10月22日にドラフト会議が行われ、注目の高校生・県岐阜商高の高橋純平は、3球団が競合。ソフトバンクが交渉権を獲得。今夏の甲子園を沸かせた関東一高・オコエ瑠偉は楽天の外れ1位と注目選手が次々と指名されていった。
そんな中、1巡目の指名で明治大・?山俊にヤクルトと阪神が競合。くじ引きが行われ最初はヤクルトが交渉権獲得かと思われたが、真中満監督の勘違いにより実は阪神が交渉権を獲得していたという一幕があった。

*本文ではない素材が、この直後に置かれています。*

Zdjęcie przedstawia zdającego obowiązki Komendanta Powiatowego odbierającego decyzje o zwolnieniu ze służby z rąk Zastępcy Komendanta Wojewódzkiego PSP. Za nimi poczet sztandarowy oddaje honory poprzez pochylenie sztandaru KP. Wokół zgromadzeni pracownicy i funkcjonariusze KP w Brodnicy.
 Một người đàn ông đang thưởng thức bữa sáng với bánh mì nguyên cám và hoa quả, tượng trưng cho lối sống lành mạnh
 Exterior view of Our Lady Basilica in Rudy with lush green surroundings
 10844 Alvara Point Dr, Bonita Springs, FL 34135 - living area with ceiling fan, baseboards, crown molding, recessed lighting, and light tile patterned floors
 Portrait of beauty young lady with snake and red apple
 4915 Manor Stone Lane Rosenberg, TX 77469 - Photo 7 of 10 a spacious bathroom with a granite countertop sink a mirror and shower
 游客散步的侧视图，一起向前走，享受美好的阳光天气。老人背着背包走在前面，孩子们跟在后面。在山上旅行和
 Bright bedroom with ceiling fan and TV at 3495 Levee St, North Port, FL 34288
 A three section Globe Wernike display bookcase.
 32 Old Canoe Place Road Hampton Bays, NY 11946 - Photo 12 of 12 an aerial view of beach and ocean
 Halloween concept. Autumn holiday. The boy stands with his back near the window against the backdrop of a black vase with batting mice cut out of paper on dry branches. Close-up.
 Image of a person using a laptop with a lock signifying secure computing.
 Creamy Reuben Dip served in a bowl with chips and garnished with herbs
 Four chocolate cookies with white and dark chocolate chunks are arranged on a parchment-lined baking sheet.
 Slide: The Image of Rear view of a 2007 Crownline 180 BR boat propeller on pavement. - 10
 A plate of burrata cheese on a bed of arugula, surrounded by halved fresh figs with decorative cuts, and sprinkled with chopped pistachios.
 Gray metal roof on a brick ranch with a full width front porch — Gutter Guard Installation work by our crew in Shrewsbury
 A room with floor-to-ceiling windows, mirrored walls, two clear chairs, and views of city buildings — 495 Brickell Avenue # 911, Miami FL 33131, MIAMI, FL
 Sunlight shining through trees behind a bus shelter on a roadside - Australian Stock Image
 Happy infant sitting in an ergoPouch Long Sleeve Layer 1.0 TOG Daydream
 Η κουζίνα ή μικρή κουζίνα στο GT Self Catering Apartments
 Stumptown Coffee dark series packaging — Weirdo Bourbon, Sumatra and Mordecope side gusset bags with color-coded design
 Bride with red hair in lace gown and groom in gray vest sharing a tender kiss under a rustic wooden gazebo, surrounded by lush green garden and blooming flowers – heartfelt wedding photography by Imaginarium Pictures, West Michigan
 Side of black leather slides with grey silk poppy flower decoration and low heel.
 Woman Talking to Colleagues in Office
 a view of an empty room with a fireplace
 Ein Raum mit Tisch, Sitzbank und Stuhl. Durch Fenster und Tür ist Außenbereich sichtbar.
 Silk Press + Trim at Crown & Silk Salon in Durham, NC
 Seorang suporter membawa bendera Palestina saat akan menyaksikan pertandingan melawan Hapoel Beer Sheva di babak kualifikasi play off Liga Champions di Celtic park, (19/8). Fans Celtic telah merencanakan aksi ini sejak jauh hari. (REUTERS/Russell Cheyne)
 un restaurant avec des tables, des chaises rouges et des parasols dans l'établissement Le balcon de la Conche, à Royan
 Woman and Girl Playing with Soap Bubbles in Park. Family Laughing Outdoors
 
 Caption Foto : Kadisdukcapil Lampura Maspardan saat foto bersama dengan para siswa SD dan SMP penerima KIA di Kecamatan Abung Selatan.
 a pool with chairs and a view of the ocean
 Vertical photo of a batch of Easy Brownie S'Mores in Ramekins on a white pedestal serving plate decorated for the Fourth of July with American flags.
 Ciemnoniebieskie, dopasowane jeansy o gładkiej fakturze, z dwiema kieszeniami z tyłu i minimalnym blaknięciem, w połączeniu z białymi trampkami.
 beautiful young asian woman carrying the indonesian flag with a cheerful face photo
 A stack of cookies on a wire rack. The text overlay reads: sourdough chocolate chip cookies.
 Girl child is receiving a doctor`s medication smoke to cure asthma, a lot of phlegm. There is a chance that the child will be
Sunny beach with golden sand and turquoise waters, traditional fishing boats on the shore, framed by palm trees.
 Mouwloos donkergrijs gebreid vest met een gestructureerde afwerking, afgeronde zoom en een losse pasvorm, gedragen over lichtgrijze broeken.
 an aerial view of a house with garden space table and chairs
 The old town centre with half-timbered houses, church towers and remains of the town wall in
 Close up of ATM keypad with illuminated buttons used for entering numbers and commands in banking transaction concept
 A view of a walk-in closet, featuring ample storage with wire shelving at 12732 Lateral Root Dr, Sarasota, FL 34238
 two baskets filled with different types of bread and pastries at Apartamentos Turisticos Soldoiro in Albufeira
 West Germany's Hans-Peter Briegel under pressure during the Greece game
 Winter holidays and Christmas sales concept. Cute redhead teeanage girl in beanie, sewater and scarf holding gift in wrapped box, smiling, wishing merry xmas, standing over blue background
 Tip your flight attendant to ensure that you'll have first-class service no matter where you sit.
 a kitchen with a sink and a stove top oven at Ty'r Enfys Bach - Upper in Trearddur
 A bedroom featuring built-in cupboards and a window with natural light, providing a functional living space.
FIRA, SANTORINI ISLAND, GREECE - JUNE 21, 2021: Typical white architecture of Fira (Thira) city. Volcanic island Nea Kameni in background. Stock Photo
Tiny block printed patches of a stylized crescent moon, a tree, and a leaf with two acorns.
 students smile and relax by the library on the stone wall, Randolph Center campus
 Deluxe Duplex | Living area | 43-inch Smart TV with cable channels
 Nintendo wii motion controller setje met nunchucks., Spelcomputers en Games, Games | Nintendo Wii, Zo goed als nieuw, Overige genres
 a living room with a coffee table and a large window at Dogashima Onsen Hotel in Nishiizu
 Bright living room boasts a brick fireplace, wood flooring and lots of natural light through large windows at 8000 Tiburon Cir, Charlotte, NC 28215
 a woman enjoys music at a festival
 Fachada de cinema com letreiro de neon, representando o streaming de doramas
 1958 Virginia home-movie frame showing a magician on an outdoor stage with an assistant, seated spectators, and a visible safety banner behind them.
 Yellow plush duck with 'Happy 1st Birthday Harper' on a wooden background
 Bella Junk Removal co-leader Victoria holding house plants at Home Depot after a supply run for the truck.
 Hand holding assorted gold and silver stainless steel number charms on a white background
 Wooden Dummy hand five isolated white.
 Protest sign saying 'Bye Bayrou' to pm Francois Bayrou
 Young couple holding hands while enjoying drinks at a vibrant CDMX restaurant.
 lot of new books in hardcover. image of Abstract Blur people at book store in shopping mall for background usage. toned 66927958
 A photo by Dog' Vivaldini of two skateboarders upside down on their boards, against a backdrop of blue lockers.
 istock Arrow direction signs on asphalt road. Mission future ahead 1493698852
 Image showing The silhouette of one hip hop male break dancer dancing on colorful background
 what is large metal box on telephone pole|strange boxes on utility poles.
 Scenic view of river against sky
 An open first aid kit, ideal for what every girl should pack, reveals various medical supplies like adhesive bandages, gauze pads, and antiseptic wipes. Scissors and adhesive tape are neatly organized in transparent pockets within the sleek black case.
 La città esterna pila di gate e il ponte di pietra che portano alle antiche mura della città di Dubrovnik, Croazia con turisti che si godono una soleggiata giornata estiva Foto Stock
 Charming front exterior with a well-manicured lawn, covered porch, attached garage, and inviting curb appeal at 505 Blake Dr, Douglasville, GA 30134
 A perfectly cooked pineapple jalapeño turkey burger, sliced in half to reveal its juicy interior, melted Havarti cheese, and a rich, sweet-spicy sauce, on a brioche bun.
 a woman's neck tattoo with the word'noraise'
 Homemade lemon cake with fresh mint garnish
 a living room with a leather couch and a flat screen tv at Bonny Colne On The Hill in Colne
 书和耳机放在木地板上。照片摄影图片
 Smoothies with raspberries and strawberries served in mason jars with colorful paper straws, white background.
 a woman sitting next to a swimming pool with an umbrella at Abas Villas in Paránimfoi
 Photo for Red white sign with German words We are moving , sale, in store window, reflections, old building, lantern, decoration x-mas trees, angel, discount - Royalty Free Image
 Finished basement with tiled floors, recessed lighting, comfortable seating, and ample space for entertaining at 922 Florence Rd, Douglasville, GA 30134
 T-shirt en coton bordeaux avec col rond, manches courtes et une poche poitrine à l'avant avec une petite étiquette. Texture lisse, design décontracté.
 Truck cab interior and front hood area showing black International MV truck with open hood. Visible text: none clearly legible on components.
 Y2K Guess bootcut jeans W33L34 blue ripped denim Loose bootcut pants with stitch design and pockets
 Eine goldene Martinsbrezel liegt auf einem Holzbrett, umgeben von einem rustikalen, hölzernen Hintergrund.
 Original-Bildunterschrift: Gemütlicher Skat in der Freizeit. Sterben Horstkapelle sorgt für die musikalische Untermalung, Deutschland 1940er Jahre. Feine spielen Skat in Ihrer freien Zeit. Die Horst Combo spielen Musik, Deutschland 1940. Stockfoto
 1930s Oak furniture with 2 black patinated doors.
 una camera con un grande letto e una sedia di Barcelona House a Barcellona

今回の一件のように、過去のドラフト会議でも思わず「クスッ」となるような珍場面が会場で起こっている。その出来事を改めて振り返りたい。
過去のドラフト会議で思い出されるのは、1991年まで司会を務めたパ・リーグ広報部長の「パンチョ」こと伊東一雄氏だろう。その独特の名調子は今でも「ドラフト=パンチョ伊東」と認識するプロ野球ファンも多い。
その伊東氏のドラフト会議での珍場面といえば1972年のドラフト会議で起こった。大洋(現・横浜DeNA)が4位で福島商(現・履正社高)の益山性旭(ますやま・せいきょく)を指名した際、名前の漢字の補足説明として「性はセックスの性」と付け加えた。この一言に場内は思わず爆笑が起こった。その益山は大洋からの指名を拒否し帝京大へ進み、1977年のドラフト会議で阪神の1位指名を受け入団。しかし、一軍ではわずか11勝に終わった。
ドラフト会議で最も見せ場となるのは、ひとりの選手に指名が重複し、くじ引きに持ち込まれること。そして交渉権が決まり、その球団の代表者が手を挙げた瞬間に場内に歓声が沸き上がる。その時のパフォーマンスも話題を呼んだ。
1995年ドラフト会議ではPL学園高・福留孝介に高校生としては過去最多の7球団が競合した。福留の交渉権を獲得したのは近鉄であり、監督就任初仕事となった佐々木恭介監督は「よっしゃー!」と力強く叫んだ。赤いふんどしを締めてドラフト会議に臨んだ佐々木監督だったが、「巨人、中日以外なら社会人」を公言していた福留は入団を拒否。日本生命を経て中日に入団した。
今回の?山指名の一件を見て、思い出されるのが10年前の2005年の高校生ドラフトだ。この時、1巡目で大阪桐蔭高の辻内崇伸に巨人とオリックス、福岡第一高の陽仲壽(現・陽岱鋼)、報徳学園・片山博視に楽天、広島がそれぞれ重複指名。くじ引きの結果、辻内はオリックス、陽はソフトバンク、片山は楽天が交渉権を獲得した。しかしその後、辻内と陽の交渉権獲得に間違いが判明し辻内は巨人、陽は日本ハムと訂正された。
当初はオリックスに決まり厳しい表情を見せていた辻内だったが、巨人に訂正されると一転して明るい表情となり「小さい頃からファンで…」とコメントした。
一方、希望していたソフトバンクに決まり笑顔を見せていた陽だったが、日本ハムに訂正されると一転して暗い表情で涙を流した。その後、辻内は1軍登板することなく巨人を退団。陽は日本ハムの中心選手として活躍し、明暗がくっきりと分かれた運命のドラフトだった。